The backup LVS router monitors the active LVS router and takes over from it in case the active LVS router fails.
This chapter provides an overview of LVS components and functions, and consists of the following sections:
1.1. A Basic LVS Configuration
Figure 1.1, “A Basic LVS Configuration” shows a simple LVS configuration consisting of two layers. On the first layer are two LVS routers — one active and one backup. Each of the LVS routers has two network interfaces, one interface on the Internet and one on the private network, enabling them to regulate traffic between the two networks. For this example the active router is using Network Address Translation or NAT to direct traffic from the Internet to a variable number of real servers on the second layer, which in turn provide the necessary services. Therefore, the real servers in this example are connected to a dedicated private network segment and pass all public traffic back and forth through the active LVS router. To the outside world, the servers appears as one entity.

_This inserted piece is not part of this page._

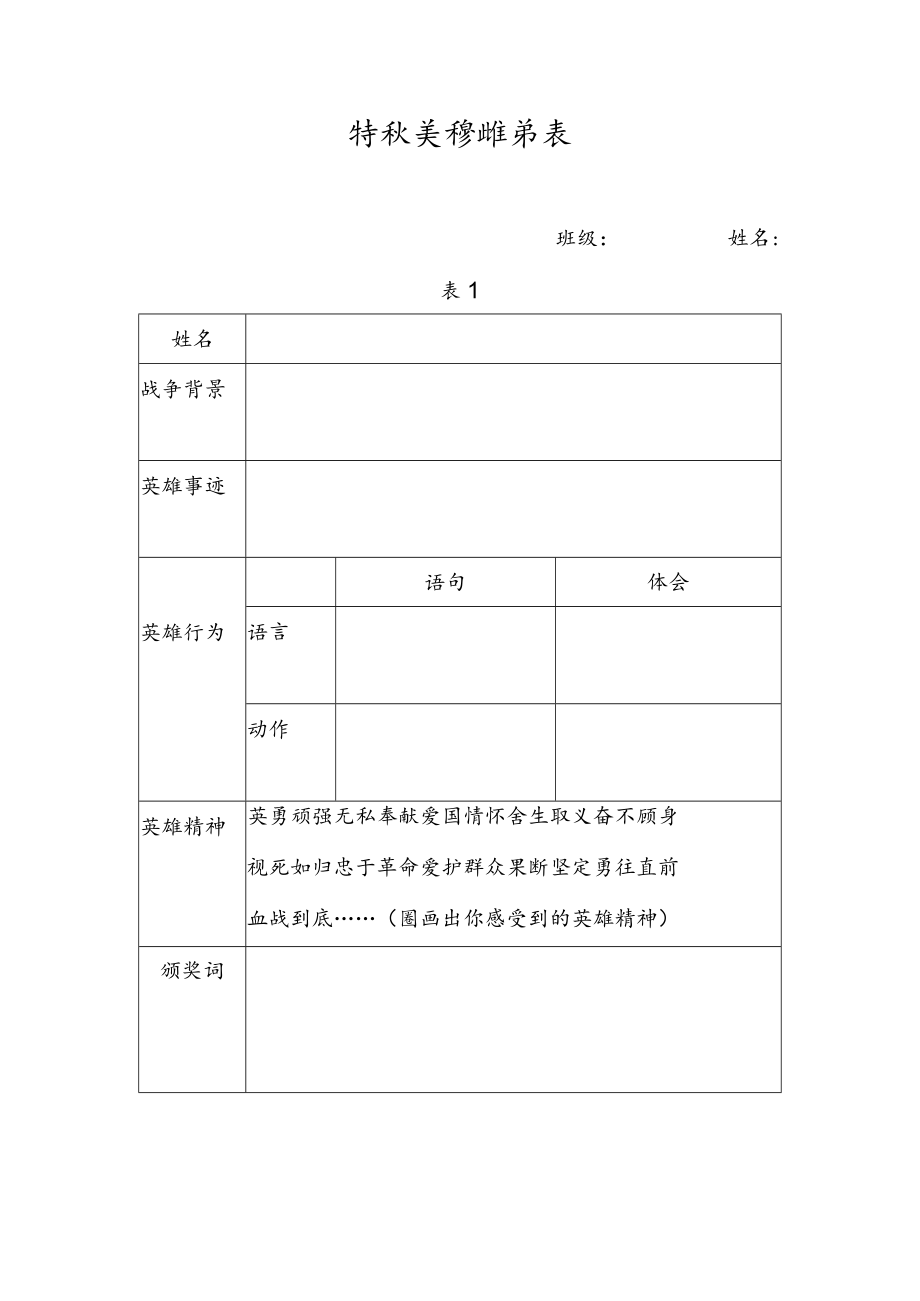 特级英雄推荐表 教学设计.docx_第1页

Figure 1.1. A Basic LVS Configuration
Service requests arriving at the LVS routers are addressed to a virtual IP address, or VIP. This is a publicly-routable address the administrator of the site associates with a fully-qualified domain name, such as www.example.com, and is assigned to one or more virtual servers. A virtual server is a service configured to listen on a specific virtual IP. Refer to Section 4.6, “VIRTUAL SERVERS” for more information on configuring a virtual server using the Piranha Configuration Tool. A VIP address migrates from one LVS router to the other during a failover, thus maintaining a presence at that IP address (also known as floating IP addresses).
VIP addresses may be aliased to the same device which connects the LVS router to the Internet. For instance, if eth0 is connected to the Internet, than multiple virtual servers can be aliased to
eth0:1
. Alternatively, each virtual server can be associated with a separate device per service. For example, HTTP traffic can be handled on eth0:1
, and FTP traffic can be handled on eth0:2
.
Only one LVS router is active at a time. The role of the active router is to redirect service requests from virtual IP addresses to the real servers. The redirection is based on one of eight supported load-balancing algorithms described further in Section 1.3, “LVS Scheduling Overview”.

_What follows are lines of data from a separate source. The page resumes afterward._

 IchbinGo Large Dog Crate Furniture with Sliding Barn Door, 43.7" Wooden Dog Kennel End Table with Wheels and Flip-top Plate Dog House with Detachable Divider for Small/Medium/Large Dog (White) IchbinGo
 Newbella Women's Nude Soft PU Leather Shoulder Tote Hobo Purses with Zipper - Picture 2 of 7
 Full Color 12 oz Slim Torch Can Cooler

The active router also dynamically monitors the overall health of the specific services on the real servers through simple send/expect scripts. To aid in detecting the health of services that require dynamic data, such as HTTPS or SSL, the administrator can also call external executables. If a service on a real server malfunctions, the active router stops sending jobs to that server until it returns to normal operation.

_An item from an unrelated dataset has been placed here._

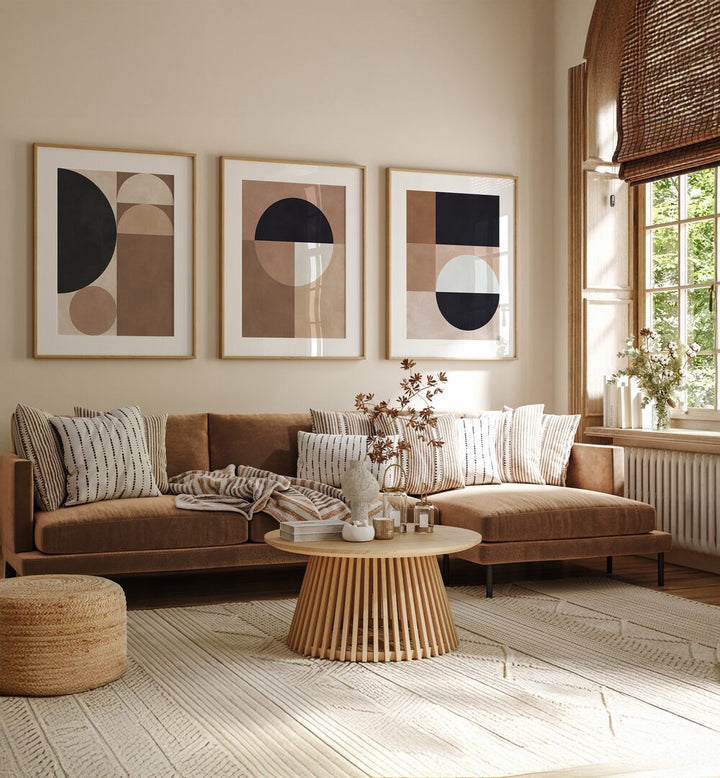 Elevate your decor with the TERRA SHAPES SET, SET OF 3 PAINTINGS, showcasing earthy tones and modern designs.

The backup router performs the role of a standby system. Periodically, the LVS routers exchange heartbeat messages through the primary external public interface and, in a failover situation, the private interface. Should the backup node fail to receive a heartbeat message within an expected interval, it initiates a failover and assumes the role of the active router. During failover, the backup router takes over the VIP addresses serviced by the failed router using a technique known as ARP spoofing — where the backup LVS router announces itself as the destination for IP packets addressed to the failed node. When the failed node returns to active service, the backup node assumes its hot-backup role again.
The simple, two-layered configuration used in Figure 1.1, “A Basic LVS Configuration” is best for serving data which does not change very frequently — such as static webpages — because the individual real servers do not automatically sync data between each node.
1.1.1. Data Replication and Data Sharing Between Real Servers
Since there is no built-in component in LVS to share the same data between the real servers, the administrator has two basic options:
- Synchronize the data across the real server pool
- Add a third layer to the topology for shared data access
The first option is preferred for servers that do not allow large numbers of users to upload or change data on the real servers. If the configuration allows large numbers of users to modify data, such as an e-commerce website, adding a third layer is preferable.
1.1.1.1. Configuring Real Servers to Synchronize Data
There are many ways an administrator can choose to synchronize data across the pool of real servers. For instance, shell scripts can be employed so that if a Web engineer updates a page, the page is posted to all of the servers simultaneously. Also, the system administrator can use programs such as
rsync
to replicate changed data across all nodes at a set interval.
However, this type of data synchronization does not optimally function if the configuration is overloaded with users constantly uploading files or issuing database transactions. For a configuration with a high load, a three-tier topology is the ideal solution.